There was a moment’s silence. ‘That’s the thing. They seem to think that it’s probably knocked me down a step or two. Increased the decline.’

‘But that can’t happen overnight?’

‘It can, apparently. Maybe not quite literally. But sometimes it happens unexpectedly quickly. It can go for years with nothing or not much, and then – wham.’

‘What kind of wham?’ she said. ‘In your case, I mean.’

‘Shit, I don’t even know exactly. It’s partly my mobility. I can still walk, but it’s getting worse. I walk more than a few steps, I’m knackered. I try to walk too fast, I feel like I’m going to fall over. Christ, I do fall over . . .’

She could tell from his expression that this wasn’t all of it, or even perhaps the worst of it. ‘What else?’

‘It’s my brain,’ he said. ‘My mind. I feel like I’m in a fog. I can’t think straight. Things that used to make sense don’t any more.’ He paused, frowning, as if he was trying to get his description exactly right. ‘I don’t remember things,’ he said. ‘I don’t mean big things, important things. It’s the small stuff. Things people said, things I did only a few minutes ago. I can be in the middle of something and not know why I’m doing it.’

‘We’re all like that,’ she said. ‘It’s called getting older. You’re just imagining it. I’ve see no signs of anything like that.’

‘You’ve not been here,’ he pointed out, and for once it sounded like something more than his usual reproach.

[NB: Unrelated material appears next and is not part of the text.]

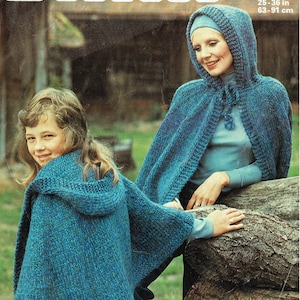 Könnte beinhalten: Zwei Personen tragen blaue gestrickte Pullover mit Kapuze. Der Pullover ist ein grobmaschiger Strick mit einem strukturierten Muster. Die Pullover werden mit einer blauen Jeans getragen. Das Bild stammt aus einem Strickmusterbuch.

‘But it doesn’t affect your mind – your mental abilities. That’s not the way it works.’ She thought back to all the material they’d pored through when he’d first been diagnosed.

‘It can,’ he said. ‘It does. In around 10 per cent of cases, it does exactly that.’

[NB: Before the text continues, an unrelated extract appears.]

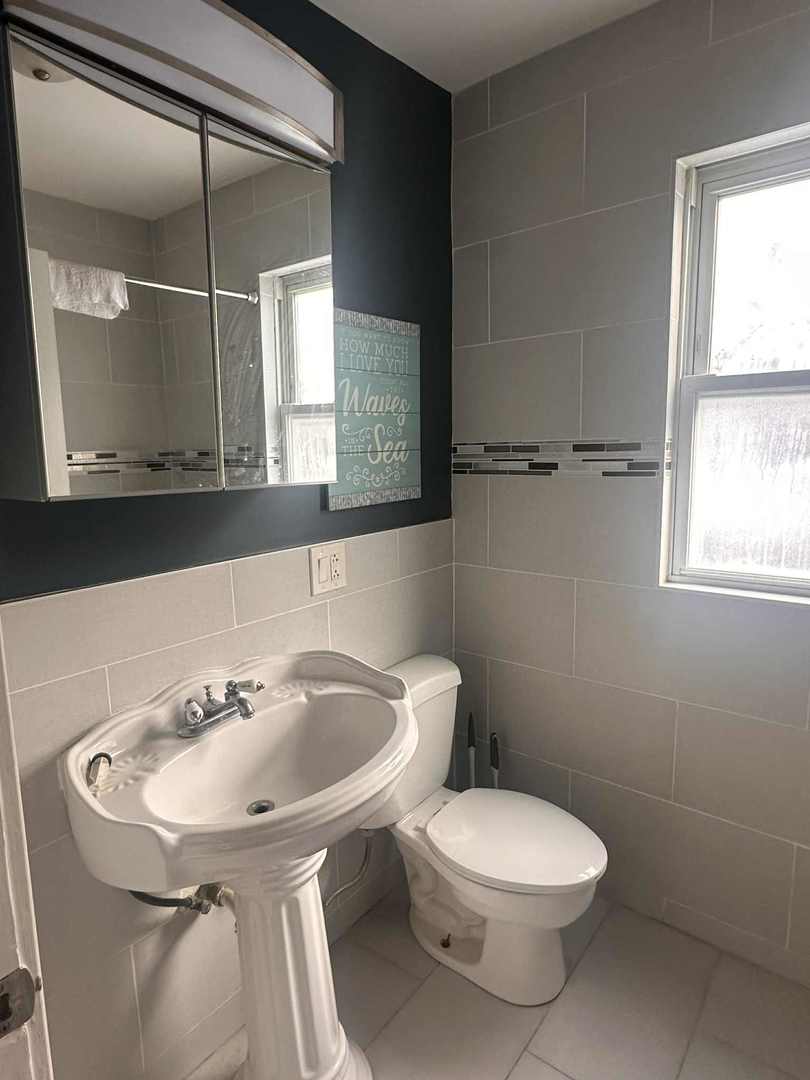 3719 West Hirsch Street, Unit 2 Chicago, IL 60651 - Photo 13 of 13 a bathroom with a sink and a toilet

‘Yes, but that’s minor stuff,’ she said. ‘I remember reading about all that. Stumbling over your words. Being a bit forgetful. Jesus, like I say, that’s me already.’

‘That’s usually the way it works,’ he said. ‘But they reckon that sometimes – rarely, but sometimes – it can be more. Sometimes it can be much more serious. It all depends on which parts of the brain have been affected. It’s the luck of the draw. Fucking Russian roulette. But they’re concerned about it. They’re going to do tests. You know – what do they call them? Psychometrics.’

‘If you can remember a word like psychometrics, you can’t be doing too badly.’ Her mind went back to Winsor, his batteries of psychological instruments, his relentless game-playing.